Thursday, 30 January 2003

The Thinning Complex, Brettcardie Ingram, Feb 27, 2003

 The Thinning Complex by Brettcardie Ingram  
 The Storeroom, Feb 27 to March 1, 2003
Reviewer: Kate Herbert

There is nothing cheerful about The Thinning Complex by Brettcardie Ingram. It is a relentlessly dark and angry piece about a man with a gambling problem and the woman who tries to love him. Carl  (Hugh Sexton ) calls himself a poet. He is one of the inner city pseudo-artists with limited talent, no money or job.

He indulges in cynical attacks on the middle class and other easy targets despite having no social conscience. By the time we see him, he writes little and gambles all his dole money every second Friday. His girlfriend, Michelle,  (Devon Taylor)  totally supports him financially and is ready to relinquish this unwanted role. Carl drives her to distraction and rage - and us. He is maddeningly unreasonable, selfish, cruel and deceitful.

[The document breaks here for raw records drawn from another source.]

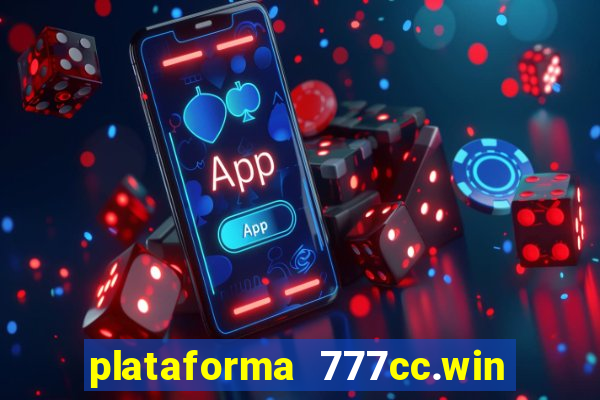 plataforma 777cc.win é confiável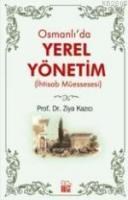 Osmanlı`da Yerel Yönetim (ISBN: 9789759139032)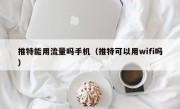 推特能用流量吗手机（推特可以用wifi吗）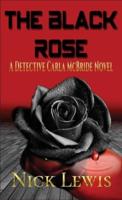 The Detective Carla McBride Chronicles:  The Black Rose: Book Two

There are some interesting elements in The Thinning Complex. Ingram writes from personal experience as a problem gambler that gives the character authenticity.

Carl's confusion, anger and deception are totally believable. Carl suffers side effects of the gambling. He is impotent.  Michelle takes this as a personal affront because she is ignorant of his addiction and the causes of his impotence. It puzzles outsiders why a woman would suffer such a dysfunctional man. 

The play is too wordy. It needs action, emotional or physical, to relieve the demand on the audience to listen. The two long monologues are too much.

Taylor, as Michelle, plays the unceasing grief but manages to engage audience sympathy. Sexton, as Carl, is best which he drunkenly abuses Michelle's friends. At other times, he plays so down beat and introspective that he is almost inaudible.

Director, Julian Firminger  confines the actors in a cluttered space emphasising their disconnection. This restricts the space too much for the actors.

His use of video monitors draws the eye but most of the images are cryptic to say the least: leaves, ferns, pegs, abstract lines. The poker machine video makes an effective backdrop to Carl's rave about gambling but he is placed so awkwardly we cannot see both him and the images.

If you are after a night of laughs, this is not the play for you.